_Aim of the task:_
After finding the line containing "Un nouveau Tesla" below, please output that line and each following one through the line containing "Девушке делают укол вакцины - 4S-Info.Ru", exactly as written.

_Records for the task:_

----------

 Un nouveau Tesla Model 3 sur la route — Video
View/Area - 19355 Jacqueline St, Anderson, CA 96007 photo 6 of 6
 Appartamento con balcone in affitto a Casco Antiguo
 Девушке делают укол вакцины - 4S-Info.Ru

----------

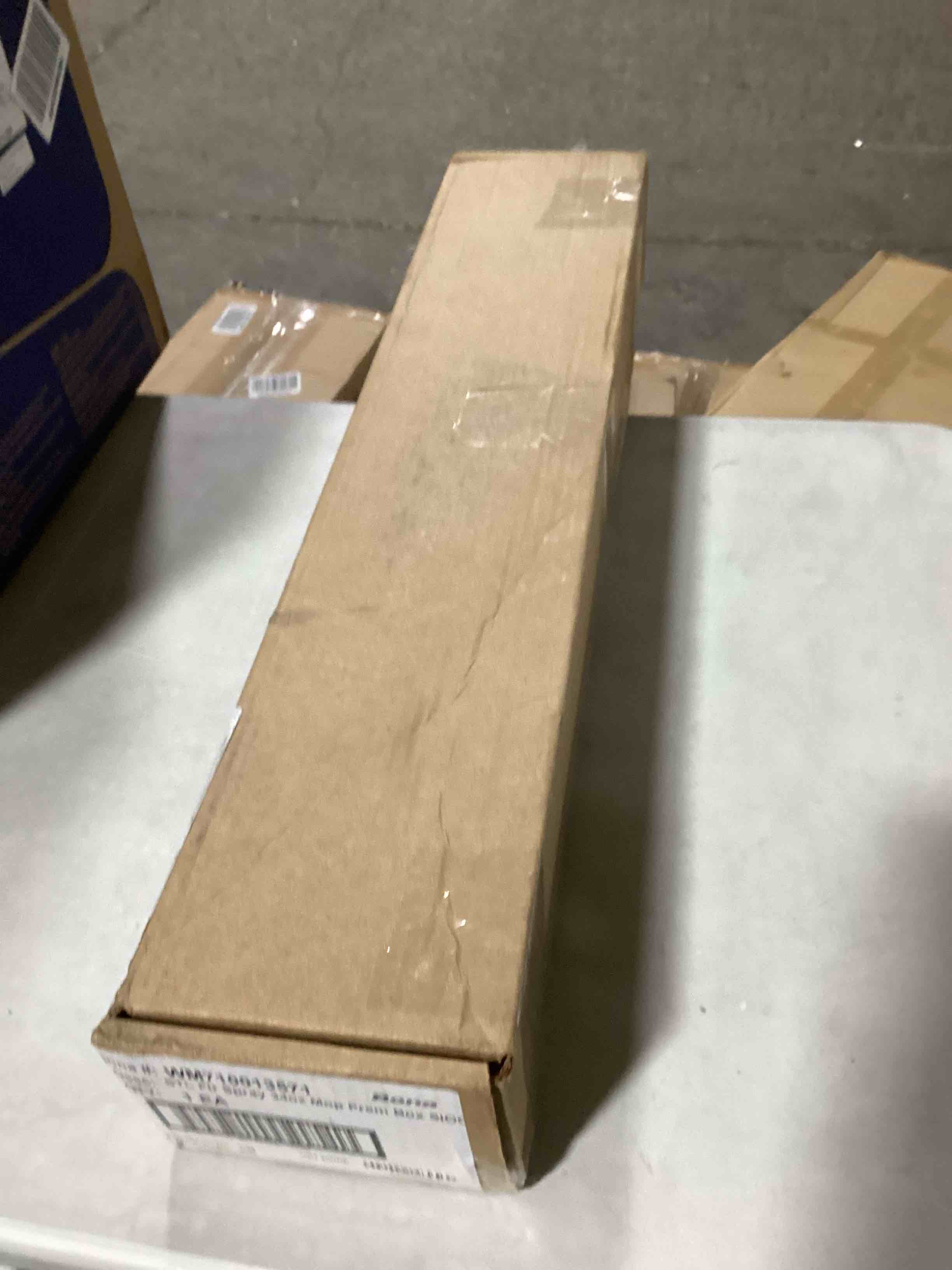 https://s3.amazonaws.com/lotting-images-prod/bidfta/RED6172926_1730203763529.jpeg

----------

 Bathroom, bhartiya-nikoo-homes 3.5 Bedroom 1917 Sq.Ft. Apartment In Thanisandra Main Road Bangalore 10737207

----------

_Answer box:_
 Un nouveau Tesla Model 3 sur la route — Video
View/Area - 19355 Jacqueline St, Anderson, CA 96007 photo 6 of 6
 Appartamento con balcone in affitto a Casco Antiguo
 Девушке делают укол вакцины - 4S-Info.Ru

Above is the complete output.